RECORD EXTRACTS:
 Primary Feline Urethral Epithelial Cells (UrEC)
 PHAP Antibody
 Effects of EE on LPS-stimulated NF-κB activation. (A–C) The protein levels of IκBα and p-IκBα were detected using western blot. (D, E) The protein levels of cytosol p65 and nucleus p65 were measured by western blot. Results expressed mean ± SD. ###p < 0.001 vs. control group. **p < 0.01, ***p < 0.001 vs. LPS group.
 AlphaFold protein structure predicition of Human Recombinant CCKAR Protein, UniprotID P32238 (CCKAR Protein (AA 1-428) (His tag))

--

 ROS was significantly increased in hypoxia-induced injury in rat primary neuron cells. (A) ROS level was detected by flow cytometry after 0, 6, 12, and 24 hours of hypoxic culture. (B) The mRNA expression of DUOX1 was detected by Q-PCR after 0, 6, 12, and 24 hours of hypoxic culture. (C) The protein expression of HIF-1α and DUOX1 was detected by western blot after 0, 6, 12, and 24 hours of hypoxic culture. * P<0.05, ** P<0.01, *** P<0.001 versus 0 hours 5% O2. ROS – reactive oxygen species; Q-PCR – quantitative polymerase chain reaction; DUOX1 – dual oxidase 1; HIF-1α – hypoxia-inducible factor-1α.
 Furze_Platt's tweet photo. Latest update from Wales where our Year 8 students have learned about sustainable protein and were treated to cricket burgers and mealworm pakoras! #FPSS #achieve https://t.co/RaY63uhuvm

WHAT IS BEING ASKED: Retype only the lines above between the line with "PHAP Antibody" and the line with "AlphaFold protein structure", counting those two lines as well, and keep every character as it is.

RESPONSE BOX:
 PHAP Antibody
 Effects of EE on LPS-stimulated NF-κB activation. (A–C) The protein levels of IκBα and p-IκBα were detected using western blot. (D, E) The protein levels of cytosol p65 and nucleus p65 were measured by western blot. Results expressed mean ± SD. ###p < 0.001 vs. control group. **p < 0.01, ***p < 0.001 vs. LPS group.
 AlphaFold protein structure predicition of Human Recombinant CCKAR Protein, UniprotID P32238 (CCKAR Protein (AA 1-428) (His tag))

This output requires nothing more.